Michel Berger se veut – comme toujours – plus positif, McCartney de ce Lennon. « Pour échapper à l’univers anonyme de demain, il n’y a que notre besoin d’amour, mais il est immense et c’est lui, bien sûr, qui est aussi le moteur de tous les auteurs et participants à ce spectacle. »
Résumons-en l’intrigue. Monopolis est terrorisée par les Étoiles Noires de Johnny Rockfort, sous l’influence de Sadia, étudiante bourgeoise qui se travestit pour descendre les rejoindre la nuit dans les souterrains qui sillonnent la ville (compromis entre Montréal et Gotham City). Elle dispense ses ordres à l’Underground Café où travaille Marie-Jeanne, serveuse rêveuse amoureuse de Ziggy, disquaire gay. Au sommet des cent étages de la Tour Dorée, le milliardaire Zéro Janvier brigue la présidence du pays en prônant le retour à l’ordre face à la délinquance, et l’avènement de la technologie atomique. Ce faisant, il s’oppose à Johnny et à son adversaire politique, le Grand Gourou baba, bientôt hégémoniaque à son tour. Trois histoires d’amour se développent parallèlement : celle, impossible, de Marie-Jeanne et Ziggy ; de Janvier et la star hollywoodienne Stella Spotlight, qui annonce sa retraite du cinéma ; enfin celle, centrale, de la star de Télé-Capitale, Cristal, et de Johnny le voyou.

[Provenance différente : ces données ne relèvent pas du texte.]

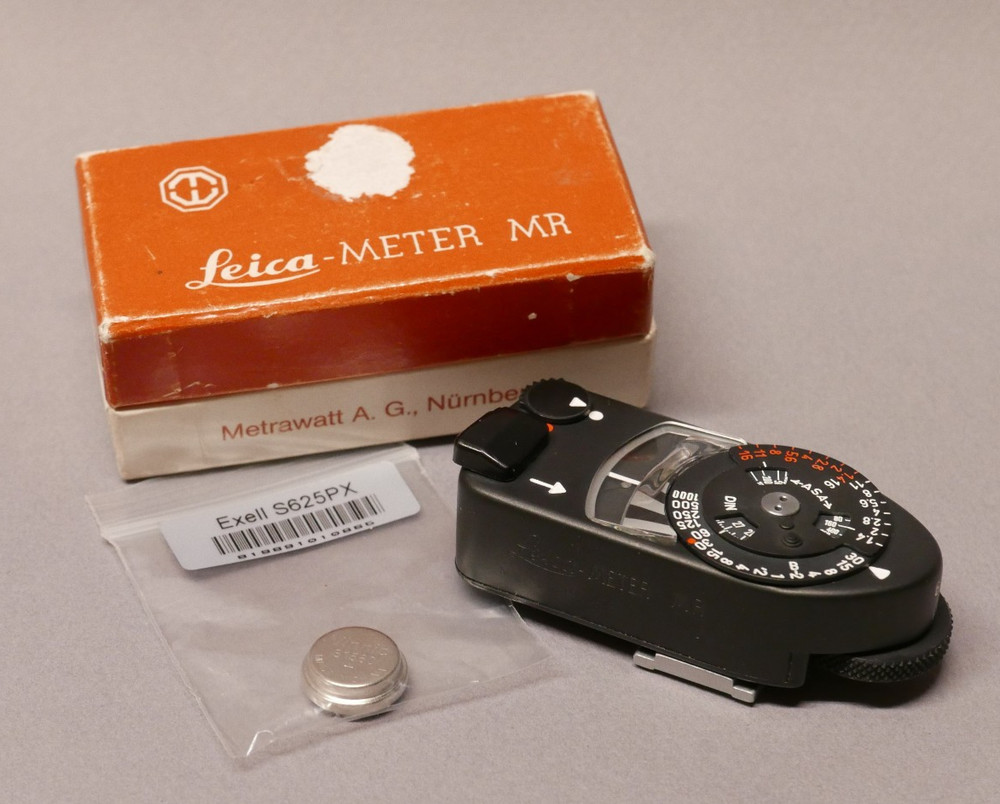LEICA Leica-Meter MR Black w/box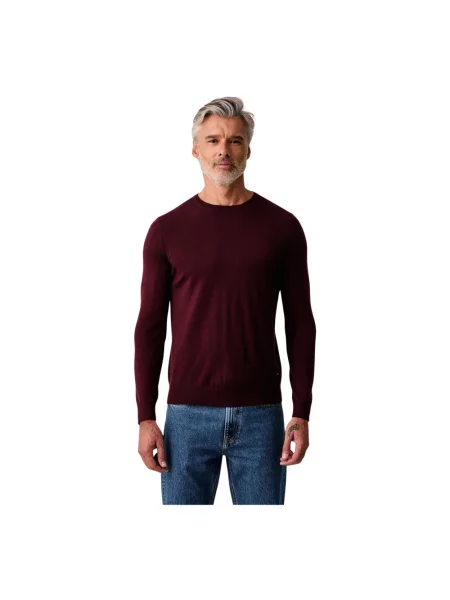Sweter Joop! wełniany czerwony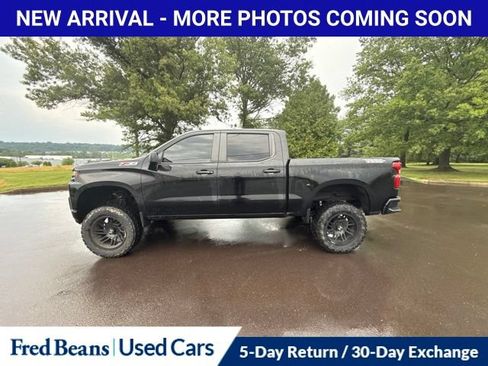 Used 2021 Chevrolet Silverado 1500 LT Trail Boss w/ Convenience Package II AWD/4WD image 8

Sadia propose à cette dernière le scoop que constitue l’interview de Johnny dont tout le monde ignore jusqu’au visage. Mais, à l’Underground Café, c’est le coup de foudre entre Cristal et lui. Ils s’enfuient ensemble, profitant de ce que Cristal pirate les ondes de la télévision. Sadia, jalouse, les dénonce à ZéroJanvier au moment où il célèbre son union avec Stella Spotlight au Naziland. Ses troupes pourchassent alors les Étoiles Noires et abattent Cristal cependant que Janvier remporte l’élection. Dégoûtées, Marie-Jeanne et Stella s’abandonnent à leurs destins respectifs.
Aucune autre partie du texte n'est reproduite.